Supplied material
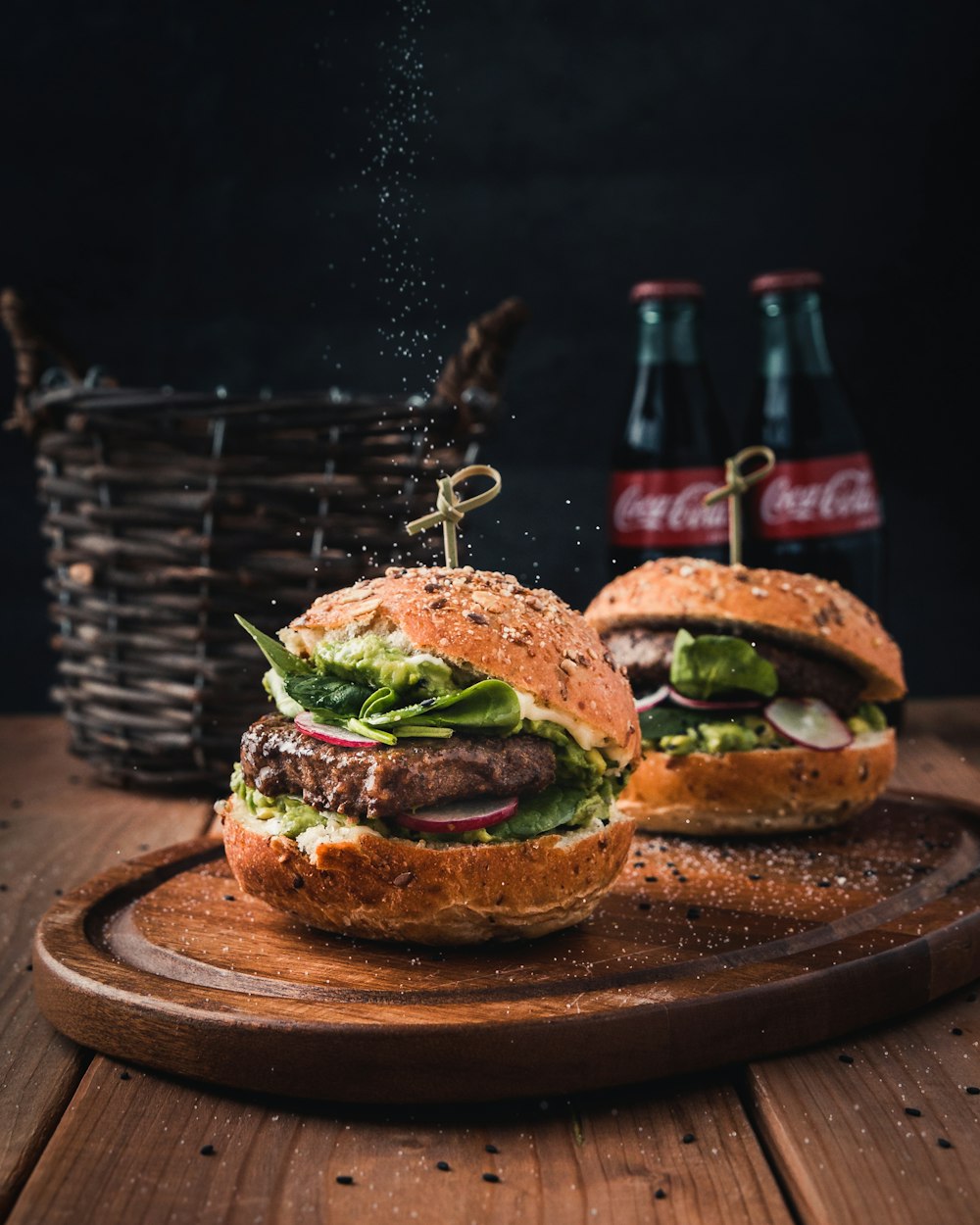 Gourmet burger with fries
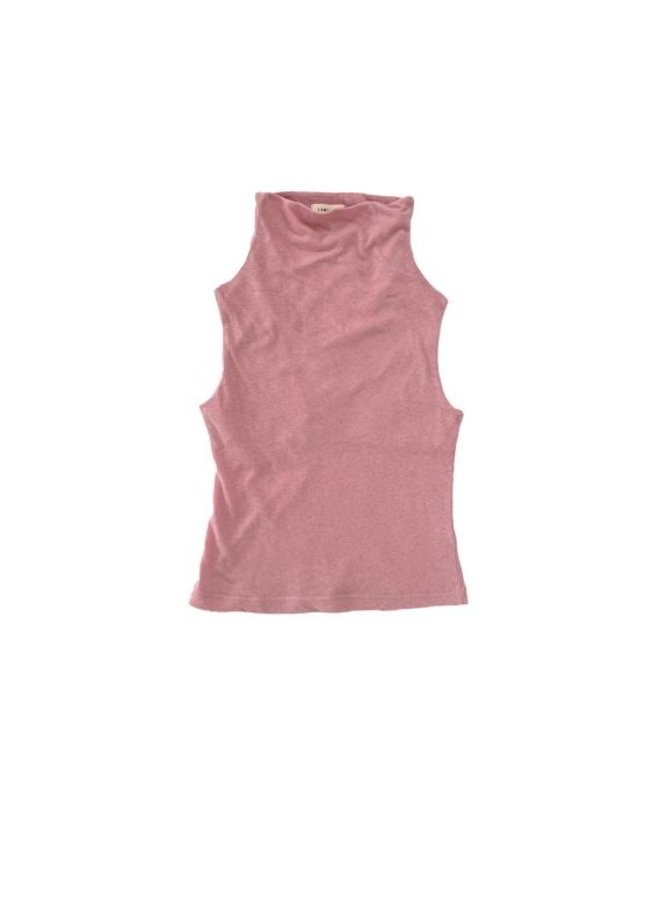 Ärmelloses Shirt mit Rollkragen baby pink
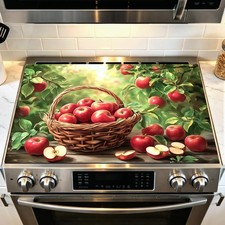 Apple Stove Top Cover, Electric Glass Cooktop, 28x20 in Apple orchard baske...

Task brief
Write out all the data exactly, minus pictures.

Result
 Gourmet burger with fries
 Ärmelloses Shirt mit Rollkragen baby pink
 Apple Stove Top Cover, Electric Glass Cooktop, 28x20 in Apple orchard baske...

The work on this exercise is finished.